PARIS — Like Barack Obama, Nicolas Sarkozy swept to power on a wave of hope for change. Sarkozy’s wave crashed on the global financial crisis and his own failings. Today, the French leader faces a tough fight against nine challengers in presidential elections awash in fear and anger.
This has been a race of negative emotion and nostalgia for a more protected past. France is feeling down about its debts, its immigrants, its stagnant paychecks and, above all, its future.
To voters, the conservative Sarkozy gets much of the blame. Although he is likely to make it past today’s first-round voting and into the decisive second round May 6, polls show his support waning.
They predict another man will trounce Sarkozy in the runoff and take over the Elysee Palace: Socialist Francois Hollande.
Hollande, in his Mr.
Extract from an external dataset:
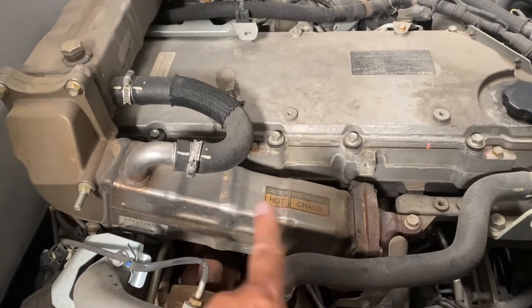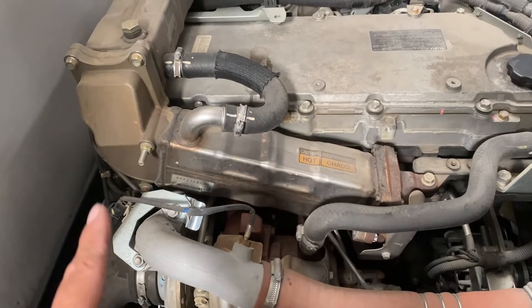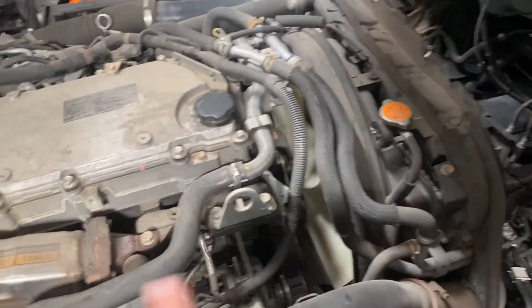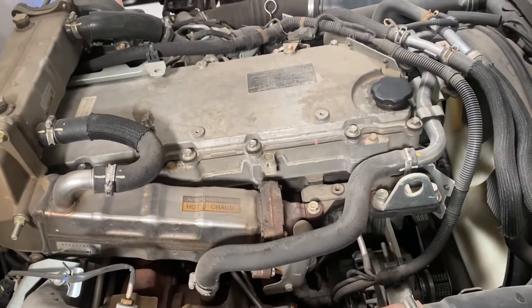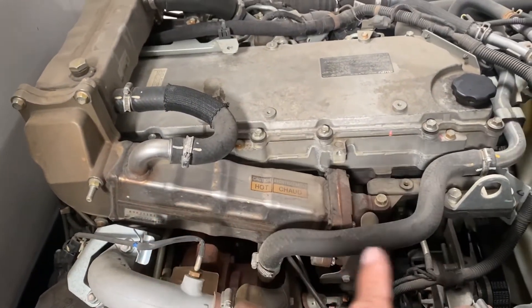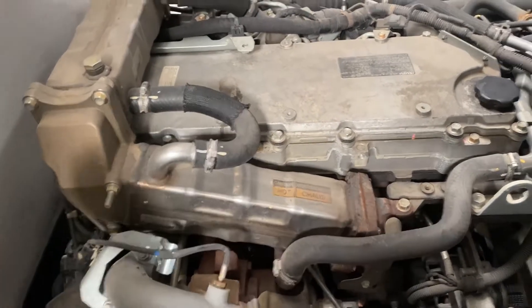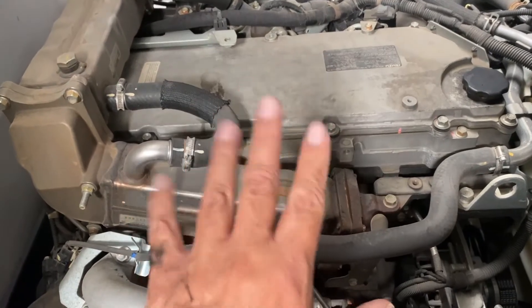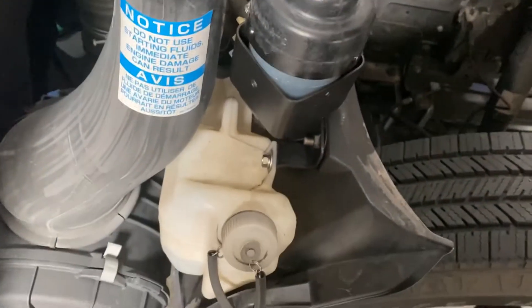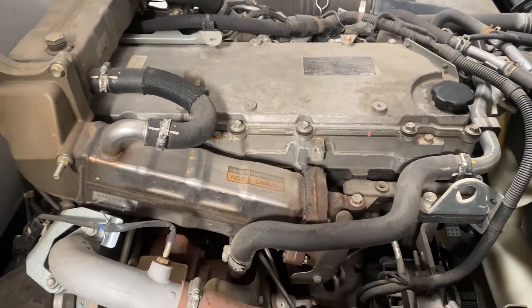The biggest problem with EGR coolers is inexperienced techs introducing air into the system. Pyrometric exhaust temperatures coming out of the manifold or after the turbo get extremely hot. If you do your water pump or radiator work and don't properly burp it, air migrates through the coolant lines. When that air hits the EGR cooler where gases exceed a thousand degrees, the air expands and pressurizes the cooling system — you think you have a head gasket problem or a cracked cooler, but it's just air.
Nice Guy kind of way, has tapped into a fear of the free market that has always held more sway in France than almost anywhere in the West, and has enjoyed a resurgence in the era of Occupy Wall Street and anti-banker backlash.
Hollande wants to tax high-income earners at 75 percent and reconsider a hard-won European fiscal treaty meant to stem the continent’s debt crisis. He says it’s too focused on cost-cutting and hurts ordinary folks.
Yet, Hollande is just one of five leftists in today’s race — and he’s the most moderate and pragmatic of the bunch. If rival Jean-Luc Melenchon, with his red neck-scarves and rallies thick with communist red flags, scores strongly, he and his voters will press Hollande to swing his own policies even further leftward.
Speaking to international reporters on Friday, Melenchon — who wants to tax the ultra-rich at 100 percent — called international finance “parasitic.” He criticized U.S. hegemony and military might, looking instead to communist China for partnership.
Under a quirk of French electoral rules, balloting got underway Saturday in France’s embassies and overseas holdings, starting in tiny Saint Pierre and Miquelon — islands south of Newfoundland in the North Atlantic Ocean. Campaigning and the release of poll data have been suspended until the first-round results come in this evening.